In our example, the freelancer owes 24% (or $24,000) if they’re single and 22% (or $22,000) if they’re married. Since this is the annual tax bill, the payer would divide the amount by 12 to figure out their monthly amount. Because taxes are not due until the end of the year, the freelancer must take out tax money from their earnings each month and set it aside.
Above all else, this estimate doesn’t include tax deductions, such as business expenses and other costs. For more details on how to calculate these items, check out our work-at-home tax deductions article.
How to Pay the IRS in Installments
At times, making a lump-sum payment is difficult. In light of this, you can pay the IRS once every quarter or month. To clarify, let’s go back to the freelancer example. If they couldn’t cover the $22,000 or $24,000 in full at the end of the tax year, the freelancer has two options. Firstly, they can divide the amount by four and pay it once per quarter (or three months). Usually, these payments are due at the end of April, July, October, and January of the next year.

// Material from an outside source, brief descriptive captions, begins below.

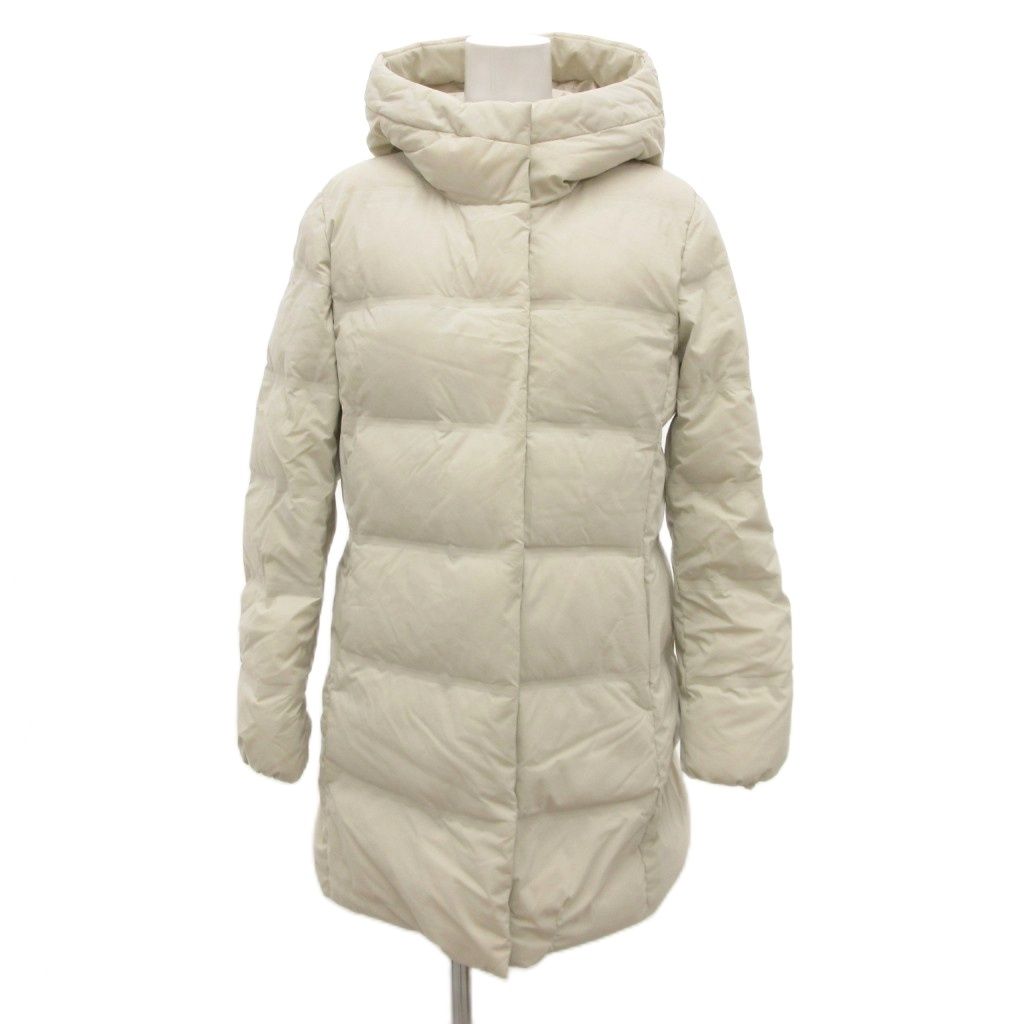 ユニクロ UNIQLO シームレスダウンショートコート ジャケット M 白 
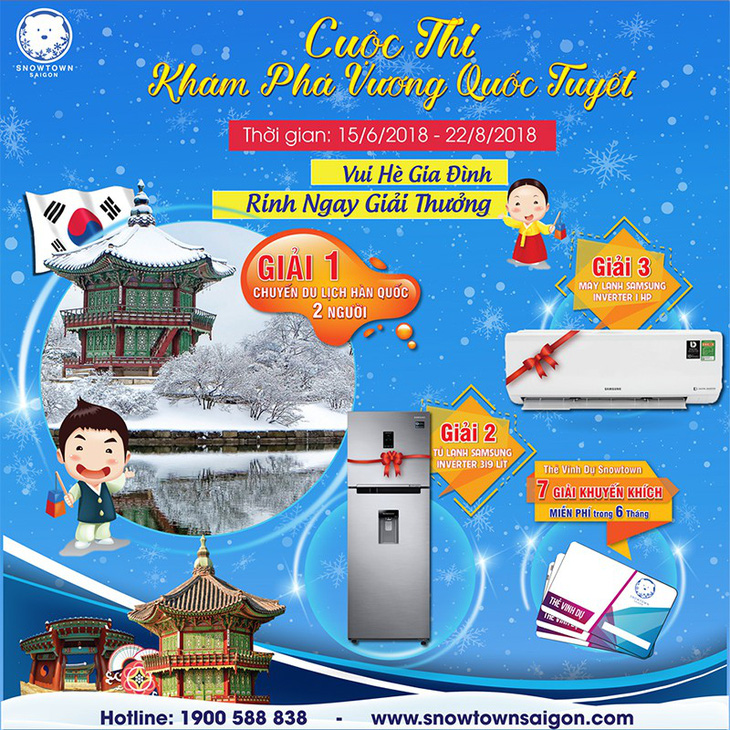 Khám phá vương quốc tuyết Snow Town săn chuyến du lịch Hàn - Ảnh 1.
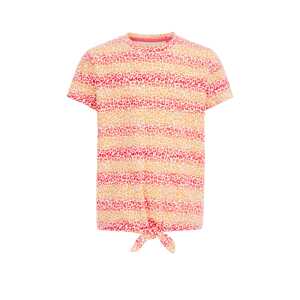 WE Fashion Tričko  svetlooranžová / ružová / svetloružová / šedobiela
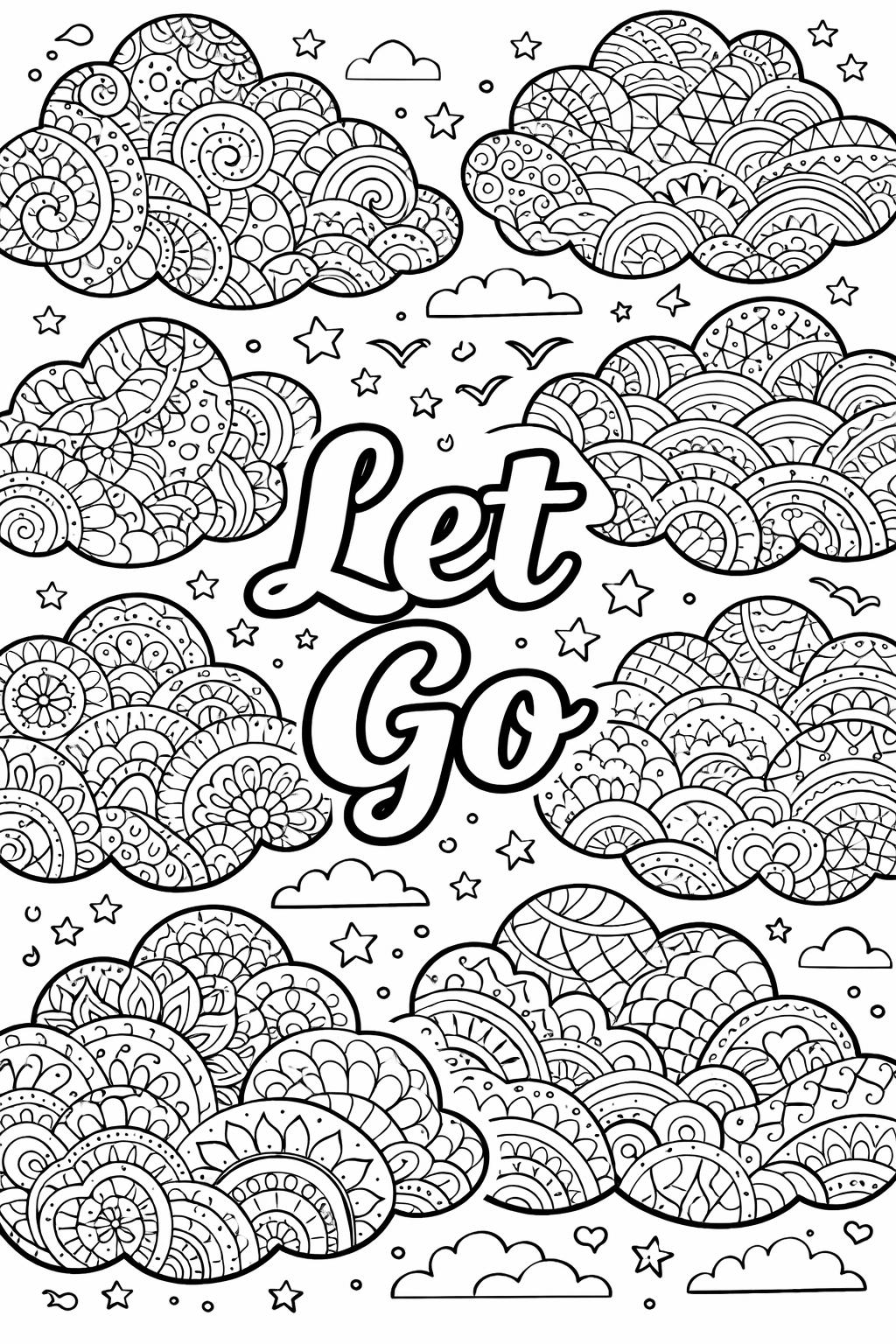 quote mindfulness coloring page | positive affirmation design | calming text coloring sheet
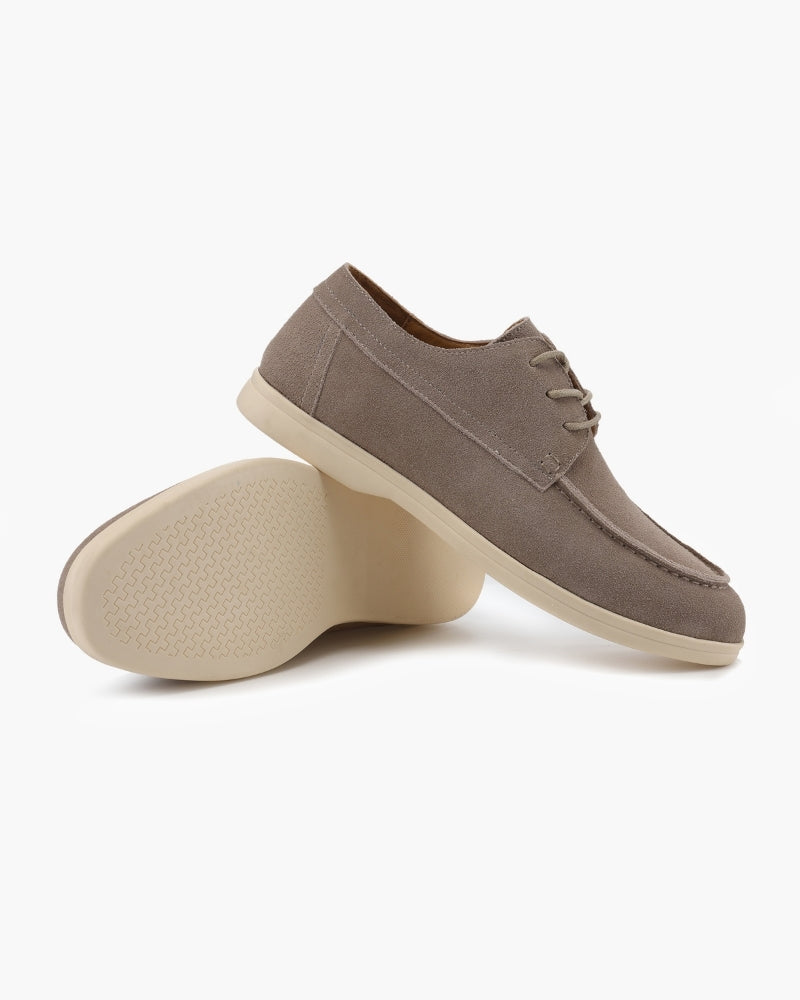 Chaussures à Lacets en Suédé Premium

Secondly, the freelancer may pay the IRS each month at $1,833 or $2,000 when they are single or married, respectively. Yet what if they can’t afford to do so? The IRS will let them extend that period. That is to say, if the freelancer decides to take care of these funds over a two-year timeframe, they would owe half of the amount because the payment period doubled. It is important to note that this applies to W-2 employees, as well. If they end up owning money, the employee could pay the IRS in monthly or quarterly installments, based on what’s affordable.
Fees and Payment Methods
Whether you are an independent contractor or an employee, you must pay the IRS directly. While employers do deduct taxes from your paycheck, it is the employee’s responsibility to pay any additional amounts that are due at the end of the year. When you pick a payment method, several factors should influence your choice. First of all, some options (such as wire transfers) come with transaction fees. This could get especially burdensome when you make monthly or quarterly installments.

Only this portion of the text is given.